訪問介護員として働くことになれば、1人で対応しなければいけません。疑問に思ったことは、すぐに解決できるようにしましょう。
Q1.訪問介護員がお金・金品をもらうのは法律で禁止?
A.どのような理由があっても、お金や金品を受け取る行為は禁止です。
行政処分を受ける可能性があるので、お金を渡されても「気持ちだけいただきます」と、相手を不快にさせない断り方をしましょう。
万が一、無理やり渡されてしまった場合には、必ず事業所に報告をして、その後の対応を引き継いでください。
Q2.家族から依頼内容を伝えられたときどこまで対応できる?
A.対応できる範囲は、ケアプランの範囲で利用者さんに関する事柄までです。
訪問時間は、分単位でスケジュールが決まっています。

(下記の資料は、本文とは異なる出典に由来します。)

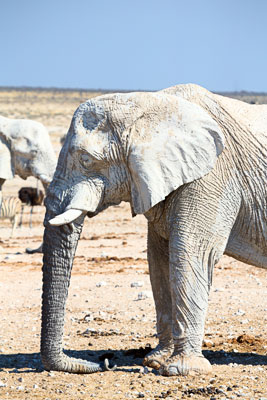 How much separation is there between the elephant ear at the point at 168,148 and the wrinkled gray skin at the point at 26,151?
26.4ft

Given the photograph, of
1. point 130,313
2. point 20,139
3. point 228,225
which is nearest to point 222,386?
point 228,225

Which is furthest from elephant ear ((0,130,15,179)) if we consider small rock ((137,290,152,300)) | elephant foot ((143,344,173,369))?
elephant foot ((143,344,173,369))

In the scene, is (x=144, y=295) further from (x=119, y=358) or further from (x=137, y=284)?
(x=119, y=358)

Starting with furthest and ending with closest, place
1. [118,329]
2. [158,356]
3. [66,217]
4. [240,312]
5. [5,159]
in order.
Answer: [5,159]
[240,312]
[118,329]
[158,356]
[66,217]

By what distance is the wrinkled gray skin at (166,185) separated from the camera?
6.44m

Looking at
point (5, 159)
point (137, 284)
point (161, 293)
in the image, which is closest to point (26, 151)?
point (5, 159)

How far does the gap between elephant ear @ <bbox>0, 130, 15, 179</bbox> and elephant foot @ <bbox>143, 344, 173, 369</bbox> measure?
25.0 feet

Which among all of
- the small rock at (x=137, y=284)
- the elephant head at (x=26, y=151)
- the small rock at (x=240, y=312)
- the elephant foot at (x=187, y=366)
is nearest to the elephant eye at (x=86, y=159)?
the elephant foot at (x=187, y=366)

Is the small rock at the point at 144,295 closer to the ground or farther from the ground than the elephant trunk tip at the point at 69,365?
farther from the ground

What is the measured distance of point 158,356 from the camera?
7.22 metres

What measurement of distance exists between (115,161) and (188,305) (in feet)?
4.16

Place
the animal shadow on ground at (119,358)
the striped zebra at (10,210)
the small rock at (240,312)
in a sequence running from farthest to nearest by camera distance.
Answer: the striped zebra at (10,210), the small rock at (240,312), the animal shadow on ground at (119,358)

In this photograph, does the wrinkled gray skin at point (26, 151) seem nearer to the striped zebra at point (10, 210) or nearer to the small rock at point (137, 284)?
the striped zebra at point (10, 210)

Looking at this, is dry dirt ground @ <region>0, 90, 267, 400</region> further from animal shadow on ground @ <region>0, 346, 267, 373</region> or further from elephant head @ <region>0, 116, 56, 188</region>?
elephant head @ <region>0, 116, 56, 188</region> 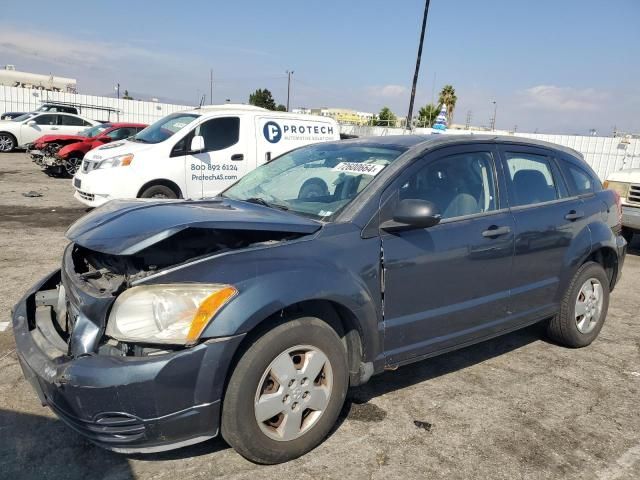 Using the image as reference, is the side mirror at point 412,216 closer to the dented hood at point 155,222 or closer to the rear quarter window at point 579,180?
the dented hood at point 155,222

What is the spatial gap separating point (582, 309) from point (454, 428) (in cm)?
194

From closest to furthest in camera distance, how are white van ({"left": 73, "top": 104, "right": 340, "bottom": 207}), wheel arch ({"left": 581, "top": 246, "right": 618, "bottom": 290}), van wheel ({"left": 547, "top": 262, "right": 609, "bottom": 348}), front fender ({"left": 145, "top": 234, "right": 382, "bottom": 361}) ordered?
front fender ({"left": 145, "top": 234, "right": 382, "bottom": 361}) < van wheel ({"left": 547, "top": 262, "right": 609, "bottom": 348}) < wheel arch ({"left": 581, "top": 246, "right": 618, "bottom": 290}) < white van ({"left": 73, "top": 104, "right": 340, "bottom": 207})

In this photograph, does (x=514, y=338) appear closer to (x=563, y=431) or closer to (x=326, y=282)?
(x=563, y=431)

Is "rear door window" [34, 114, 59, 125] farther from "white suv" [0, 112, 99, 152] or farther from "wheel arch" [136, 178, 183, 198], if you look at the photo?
"wheel arch" [136, 178, 183, 198]

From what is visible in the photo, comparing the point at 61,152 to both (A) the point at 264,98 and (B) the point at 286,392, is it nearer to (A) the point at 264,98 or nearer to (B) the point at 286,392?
(B) the point at 286,392

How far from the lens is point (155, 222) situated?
8.86ft

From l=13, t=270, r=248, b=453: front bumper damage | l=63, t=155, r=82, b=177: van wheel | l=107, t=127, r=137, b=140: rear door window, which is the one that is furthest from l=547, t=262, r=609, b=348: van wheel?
l=107, t=127, r=137, b=140: rear door window

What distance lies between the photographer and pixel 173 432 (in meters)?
2.38

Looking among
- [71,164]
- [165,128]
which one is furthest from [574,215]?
[71,164]

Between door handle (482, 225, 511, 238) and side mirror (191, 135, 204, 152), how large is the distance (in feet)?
18.9

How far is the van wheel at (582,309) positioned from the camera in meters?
4.26

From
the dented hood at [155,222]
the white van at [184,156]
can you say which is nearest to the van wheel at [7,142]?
the white van at [184,156]

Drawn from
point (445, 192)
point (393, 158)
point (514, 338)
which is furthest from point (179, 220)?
point (514, 338)

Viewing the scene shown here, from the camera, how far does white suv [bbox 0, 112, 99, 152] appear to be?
19.4 metres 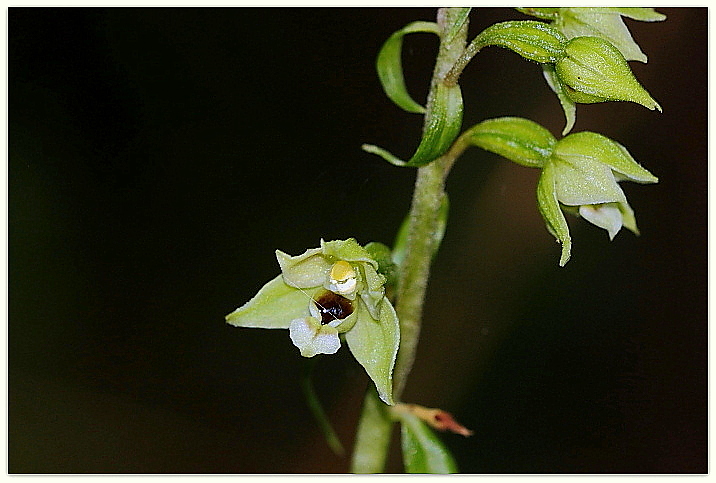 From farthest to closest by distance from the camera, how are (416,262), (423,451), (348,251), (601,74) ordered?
(423,451), (416,262), (348,251), (601,74)

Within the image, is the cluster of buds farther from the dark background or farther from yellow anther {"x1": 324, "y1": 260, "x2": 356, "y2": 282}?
the dark background

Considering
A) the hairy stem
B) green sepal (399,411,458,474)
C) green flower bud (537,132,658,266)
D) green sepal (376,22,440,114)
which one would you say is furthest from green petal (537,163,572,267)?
green sepal (399,411,458,474)

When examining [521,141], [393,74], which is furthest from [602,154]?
[393,74]

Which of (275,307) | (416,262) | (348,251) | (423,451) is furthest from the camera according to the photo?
(423,451)

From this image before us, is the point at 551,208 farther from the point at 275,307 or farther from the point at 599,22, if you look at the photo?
the point at 275,307

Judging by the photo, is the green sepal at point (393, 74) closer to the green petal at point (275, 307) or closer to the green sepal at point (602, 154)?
the green sepal at point (602, 154)

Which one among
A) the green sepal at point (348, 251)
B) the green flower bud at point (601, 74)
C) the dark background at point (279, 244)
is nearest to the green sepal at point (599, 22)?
the green flower bud at point (601, 74) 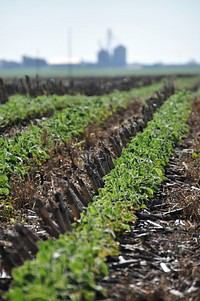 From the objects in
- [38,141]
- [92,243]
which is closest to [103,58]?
[38,141]

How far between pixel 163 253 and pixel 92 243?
991 mm

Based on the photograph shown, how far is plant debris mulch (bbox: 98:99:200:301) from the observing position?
386cm

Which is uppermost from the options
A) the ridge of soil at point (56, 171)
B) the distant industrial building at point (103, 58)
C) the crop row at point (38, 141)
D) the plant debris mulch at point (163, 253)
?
the distant industrial building at point (103, 58)

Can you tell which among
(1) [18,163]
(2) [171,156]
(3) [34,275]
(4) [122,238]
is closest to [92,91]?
(2) [171,156]

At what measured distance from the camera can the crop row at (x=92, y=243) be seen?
328 centimetres

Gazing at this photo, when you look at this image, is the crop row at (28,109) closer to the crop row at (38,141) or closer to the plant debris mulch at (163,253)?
the crop row at (38,141)

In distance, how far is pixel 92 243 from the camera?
3875mm

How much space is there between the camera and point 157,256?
4547mm

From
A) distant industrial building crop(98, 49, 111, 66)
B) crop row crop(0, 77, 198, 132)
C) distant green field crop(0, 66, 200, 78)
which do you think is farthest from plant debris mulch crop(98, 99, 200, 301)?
distant industrial building crop(98, 49, 111, 66)

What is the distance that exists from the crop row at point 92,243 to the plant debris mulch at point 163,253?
159 mm

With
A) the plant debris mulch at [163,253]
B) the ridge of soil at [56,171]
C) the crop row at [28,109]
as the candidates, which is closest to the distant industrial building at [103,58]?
the crop row at [28,109]

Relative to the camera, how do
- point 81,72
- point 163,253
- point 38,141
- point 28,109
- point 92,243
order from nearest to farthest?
1. point 92,243
2. point 163,253
3. point 38,141
4. point 28,109
5. point 81,72

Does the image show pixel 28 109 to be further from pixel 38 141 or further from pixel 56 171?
pixel 56 171

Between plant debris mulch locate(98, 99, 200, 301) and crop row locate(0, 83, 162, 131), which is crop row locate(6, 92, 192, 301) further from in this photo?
crop row locate(0, 83, 162, 131) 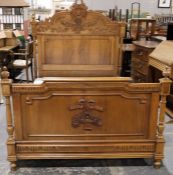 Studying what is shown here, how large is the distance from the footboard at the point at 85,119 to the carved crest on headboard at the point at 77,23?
1.01 metres

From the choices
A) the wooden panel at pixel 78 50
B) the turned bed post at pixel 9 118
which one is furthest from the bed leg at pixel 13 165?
the wooden panel at pixel 78 50

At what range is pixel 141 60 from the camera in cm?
500

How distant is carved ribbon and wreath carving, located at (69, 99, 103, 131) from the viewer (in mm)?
2465

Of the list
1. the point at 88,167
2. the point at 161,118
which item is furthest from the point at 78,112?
the point at 161,118

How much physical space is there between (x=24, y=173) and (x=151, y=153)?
1.19m

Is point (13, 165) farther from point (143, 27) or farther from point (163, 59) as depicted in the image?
point (143, 27)

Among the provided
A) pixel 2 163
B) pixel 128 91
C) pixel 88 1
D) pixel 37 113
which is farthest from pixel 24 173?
pixel 88 1

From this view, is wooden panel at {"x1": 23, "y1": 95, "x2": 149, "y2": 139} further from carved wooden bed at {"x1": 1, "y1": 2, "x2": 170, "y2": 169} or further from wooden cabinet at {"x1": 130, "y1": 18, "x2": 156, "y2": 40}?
wooden cabinet at {"x1": 130, "y1": 18, "x2": 156, "y2": 40}

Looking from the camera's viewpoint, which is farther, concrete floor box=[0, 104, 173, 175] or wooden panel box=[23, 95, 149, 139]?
concrete floor box=[0, 104, 173, 175]

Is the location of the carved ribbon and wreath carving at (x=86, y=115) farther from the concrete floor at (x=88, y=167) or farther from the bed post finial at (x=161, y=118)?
the bed post finial at (x=161, y=118)

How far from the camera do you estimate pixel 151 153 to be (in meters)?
2.61

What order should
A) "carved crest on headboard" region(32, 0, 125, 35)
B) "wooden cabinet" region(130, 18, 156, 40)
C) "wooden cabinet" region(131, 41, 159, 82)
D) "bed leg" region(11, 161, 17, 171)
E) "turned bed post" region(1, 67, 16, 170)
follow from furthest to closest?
1. "wooden cabinet" region(130, 18, 156, 40)
2. "wooden cabinet" region(131, 41, 159, 82)
3. "carved crest on headboard" region(32, 0, 125, 35)
4. "bed leg" region(11, 161, 17, 171)
5. "turned bed post" region(1, 67, 16, 170)

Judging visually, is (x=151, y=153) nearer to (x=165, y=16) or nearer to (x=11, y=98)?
(x=11, y=98)

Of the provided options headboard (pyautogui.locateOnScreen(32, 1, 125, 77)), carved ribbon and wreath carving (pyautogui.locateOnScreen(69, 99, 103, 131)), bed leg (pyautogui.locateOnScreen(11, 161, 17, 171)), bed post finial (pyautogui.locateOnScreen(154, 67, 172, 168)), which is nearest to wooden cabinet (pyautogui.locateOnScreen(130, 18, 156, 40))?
headboard (pyautogui.locateOnScreen(32, 1, 125, 77)) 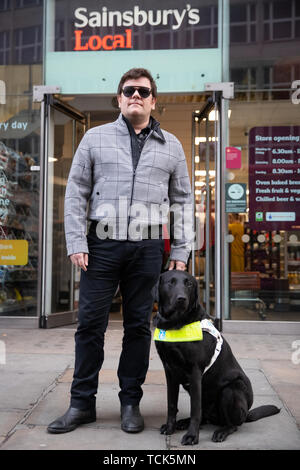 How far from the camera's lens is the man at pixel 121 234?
3.34 meters

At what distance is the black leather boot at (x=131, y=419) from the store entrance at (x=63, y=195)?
3830mm

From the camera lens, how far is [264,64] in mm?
7215

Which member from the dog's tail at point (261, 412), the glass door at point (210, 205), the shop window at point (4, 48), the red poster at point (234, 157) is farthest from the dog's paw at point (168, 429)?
the shop window at point (4, 48)

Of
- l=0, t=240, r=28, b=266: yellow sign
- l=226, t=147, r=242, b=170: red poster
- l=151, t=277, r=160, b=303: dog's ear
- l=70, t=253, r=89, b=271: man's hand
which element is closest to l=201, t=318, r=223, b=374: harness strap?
l=151, t=277, r=160, b=303: dog's ear

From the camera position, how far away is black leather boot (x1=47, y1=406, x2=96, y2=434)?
3154 millimetres

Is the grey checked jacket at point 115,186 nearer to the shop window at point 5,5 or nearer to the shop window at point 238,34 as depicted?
the shop window at point 238,34

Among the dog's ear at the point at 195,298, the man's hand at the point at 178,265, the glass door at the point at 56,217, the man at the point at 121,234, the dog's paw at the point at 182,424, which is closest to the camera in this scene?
the dog's ear at the point at 195,298

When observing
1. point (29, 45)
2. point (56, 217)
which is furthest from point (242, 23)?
point (56, 217)

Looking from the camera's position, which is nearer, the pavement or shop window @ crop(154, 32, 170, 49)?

余分な介護ができないことを伝えましょう。
「どうしても追加して欲しい」といった依頼であれば、事業所に報告して、ケアマネジャーとケアプランの見直しを行ってください。
Q3.訪問介護員はキャリアアップできる?
A.上位資格を取得すれば、キャリアアップが目指せます。
訪問介護が取得すべき資格は以下のとおりです。
- 介護職員初任者研修
- 実務者研修:サービス提供責任者
- 介護支援専門員:ケアマネジャー
- 介護福祉士(国家資格)
- 認定介護福祉士
これらの資格を順番に取得していけば、キャリアアップを目指していけるでしょう。
▼資格別の給料については、以下の記事をご参考ください。
>>介護ヘルパーの資格による給料の違いや資格手当について徹底比較
まとめ:訪問介護員は働き方を選びながらキャリアアップできる!
訪問介護員とは、利用者の自宅に行き身体介護や生活援助、移動介助を行う仕事です。
働き方は、正社員や登録ヘルパー(パート)、マッチングがあります。
安定して働きたいのであれば、正社員が理想かもしれません。しかし、ほかにもやりたいことがあったり、ダブルワークを希望しているなら、登録ヘルパーやマッチングがおすすめです。
そして、訪問介護員として働くのであれば、まずは入門資格である「介護職員初任者研修」を取得しましょう。キャリアアップを目指すなら資格の取得からスタートしてみてください。